Beginning with the first line of the data below, set down each line exactly through the line that contains "亚马逊推出商品定制功能，定制时代来临？水彩画套装挤进亚马逊热销品".

━━━ Given information ━━━

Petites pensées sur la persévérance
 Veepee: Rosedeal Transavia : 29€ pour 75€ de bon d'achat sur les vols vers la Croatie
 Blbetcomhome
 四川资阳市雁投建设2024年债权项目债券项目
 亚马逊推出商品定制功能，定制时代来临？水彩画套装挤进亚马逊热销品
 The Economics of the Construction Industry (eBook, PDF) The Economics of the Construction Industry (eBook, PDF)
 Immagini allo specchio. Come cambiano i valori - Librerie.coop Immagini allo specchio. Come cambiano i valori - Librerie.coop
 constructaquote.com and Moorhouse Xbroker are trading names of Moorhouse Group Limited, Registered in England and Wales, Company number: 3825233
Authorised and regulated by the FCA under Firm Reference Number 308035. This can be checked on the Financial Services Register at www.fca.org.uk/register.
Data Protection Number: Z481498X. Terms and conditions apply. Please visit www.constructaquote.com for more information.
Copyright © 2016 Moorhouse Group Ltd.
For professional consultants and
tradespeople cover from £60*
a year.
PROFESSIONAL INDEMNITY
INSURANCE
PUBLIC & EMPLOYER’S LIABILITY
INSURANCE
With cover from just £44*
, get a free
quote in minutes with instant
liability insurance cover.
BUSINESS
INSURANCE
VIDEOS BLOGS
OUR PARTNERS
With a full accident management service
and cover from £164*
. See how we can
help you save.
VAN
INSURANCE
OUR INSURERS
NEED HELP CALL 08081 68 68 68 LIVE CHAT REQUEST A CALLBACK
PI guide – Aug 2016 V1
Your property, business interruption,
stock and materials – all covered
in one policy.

━━━

§ **Problem solution**:
Petites pensées sur la persévérance
 Veepee: Rosedeal Transavia : 29€ pour 75€ de bon d'achat sur les vols vers la Croatie
 Blbetcomhome
 四川资阳市雁投建设2024年债权项目债券项目
 亚马逊推出商品定制功能，定制时代来临？水彩画套装挤进亚马逊热销品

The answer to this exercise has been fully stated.